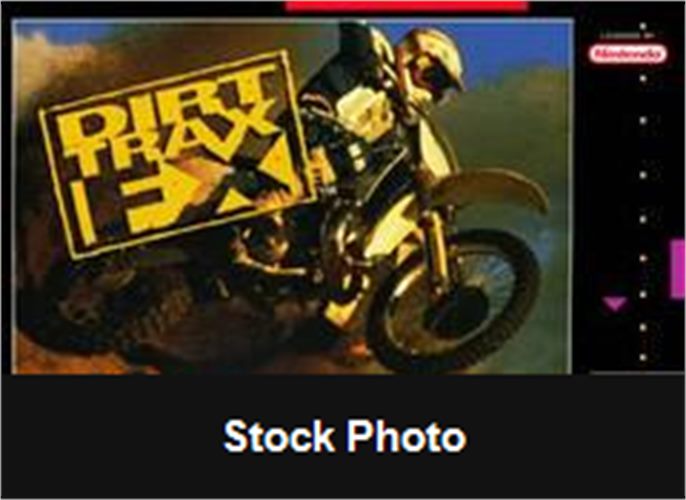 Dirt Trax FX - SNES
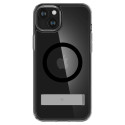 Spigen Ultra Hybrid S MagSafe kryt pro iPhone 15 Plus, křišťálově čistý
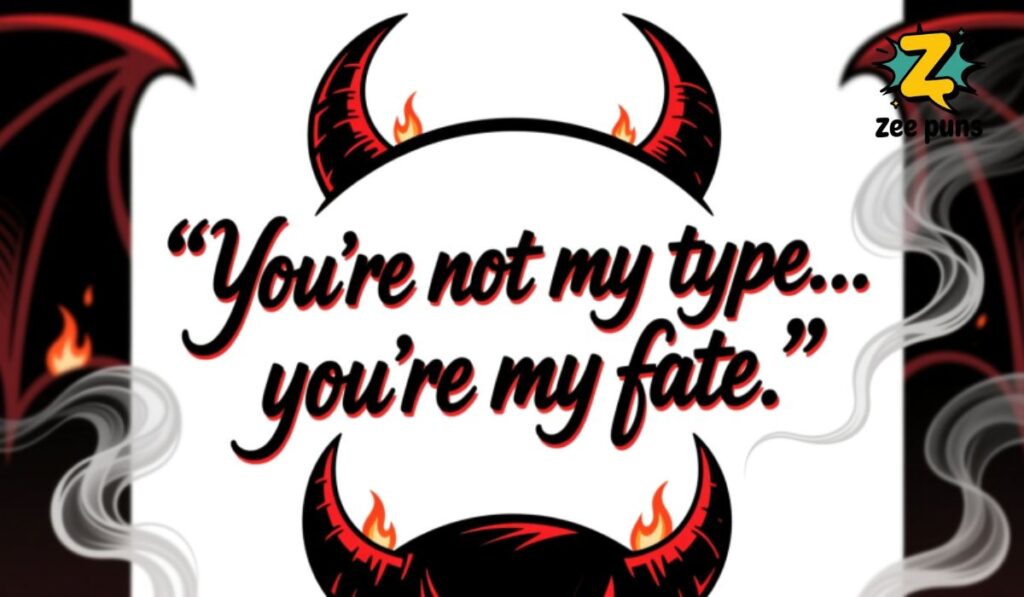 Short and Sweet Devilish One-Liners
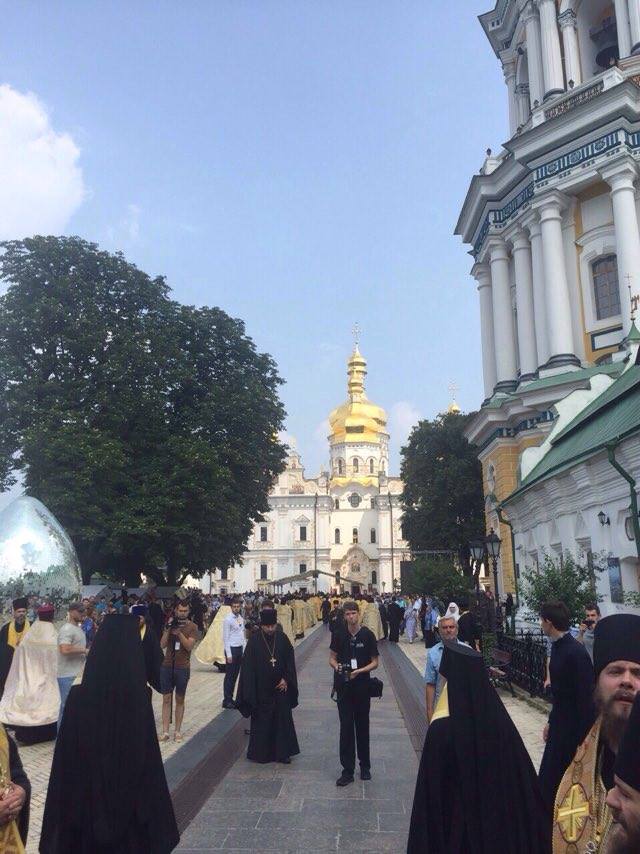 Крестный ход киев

◆ TASK GOAL: Starting at the line that contains "Short and Sweet Devilish One-Liners", extract each line through the last line of the material exactly as written, and include no pictures.

◆ EXPECTED ANSWER:
 Short and Sweet Devilish One-Liners
 Крестный ход киев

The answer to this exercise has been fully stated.